Costco Will Raise Minimum Wage as Competition for Workers Grows

The Pressure Is on for Retailers to Ramp Up Pay

Costco Wholesale Corp. will lift its minimum wage for the first time in nine years, by a $1.50 an hour, as the labor market tightens and competitors start giving workers a raise. 

The second-largest U.S. retailer will start paying at least $13-to-$13.50 an hour, up from $11.50-to-$12 an hour, the company said Thursday in a conference call with analysts. The increase will cut its earnings per share in the next three months by 1 cent, and by 2 cents in the following three quarters, the Issaquah, Washington-based company said.

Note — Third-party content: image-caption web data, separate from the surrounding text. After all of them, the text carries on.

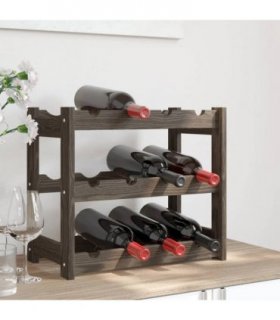 vidaXL Wine Rack for 12 Bottles Grey Solid Wood Pine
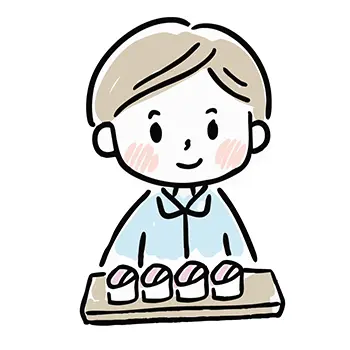 目の前ににぎり寿司が並べられた、男性（男の子）の人物イラスト。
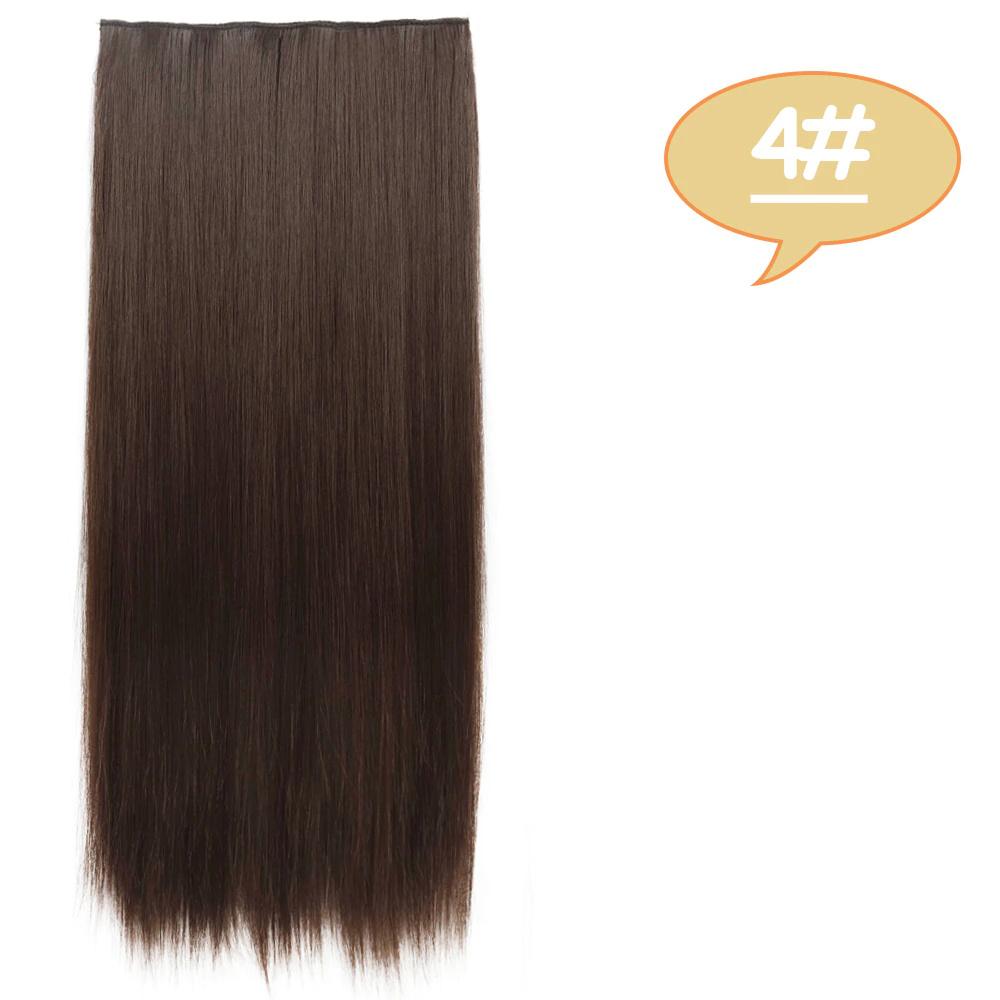 MISS WIG Lange bølgete frisyrer Syntetisk 5 Clip In Hair Extension 22 Tommer/32 Tommer Varmebestandige hårstykker Brun Svart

Retailers are under pressure to boost wages as unemployment falls below 5 percent and 14 states have raised their minimum wage this year. Wal-Mart Stores Inc., which operates the Sam’s Club warehouse-style chain, a Costco competitor, lifted its pay floor to $10 an hour this year and gave an increase to more than 1 million workers. Costco didn’t say how many of its 117,000 employees would get a raise. 

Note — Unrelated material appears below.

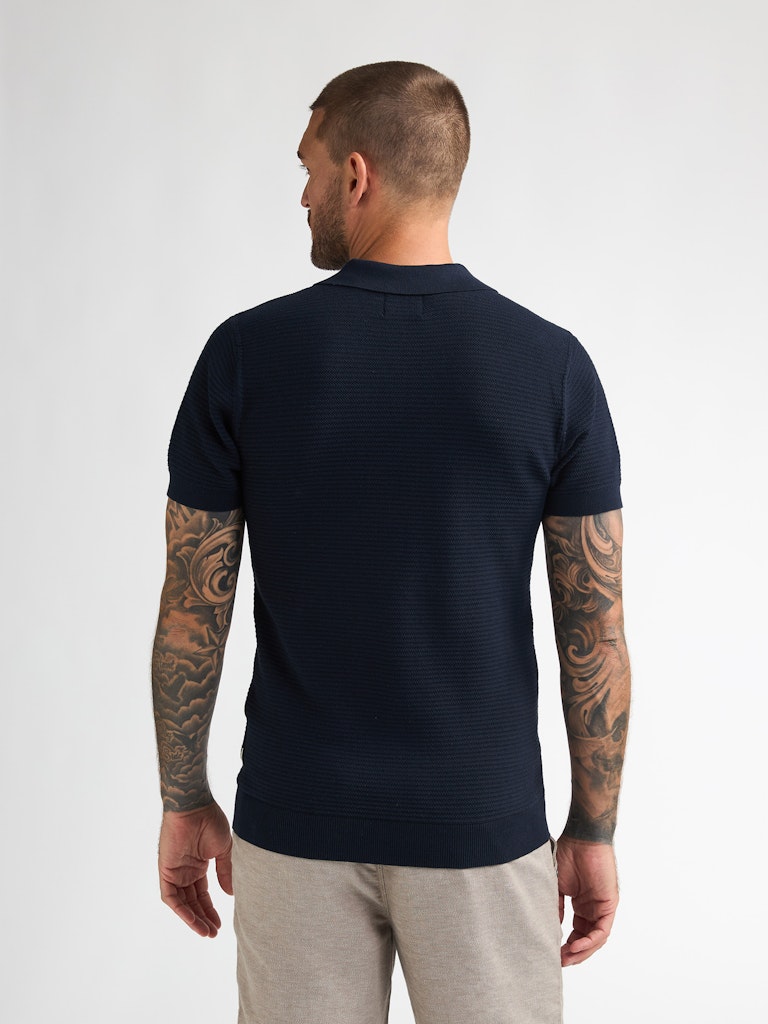 Men Knitwear Polo - Navy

“It will help, and it is important to do,” said Richard Galanti, Costco’s chief financial officer. “This is a physically challenging job. You’re on your feet, lifting cases, moving carts, and we thought it was time to do it.”

Costco’s highest hourly pay is about $22.50, and the company plans to give those workers about a 2.5 percent raise this year, Galanti said. It takes a full-time Costco employee about four years to reach the top of the pay scale, he said.

Costco reported earnings yesterday that fell 8.7 percent to $546 million, or $1.24 a share. Analysts had estimated $1.28 a share, on average. Same-store sales in the U.S., a closely watched measure by investors, increased 4 percent, excluding the negative impact of lower gasoline prices and foreign-exchange rates. That compared with an estimate of 4.9 percent.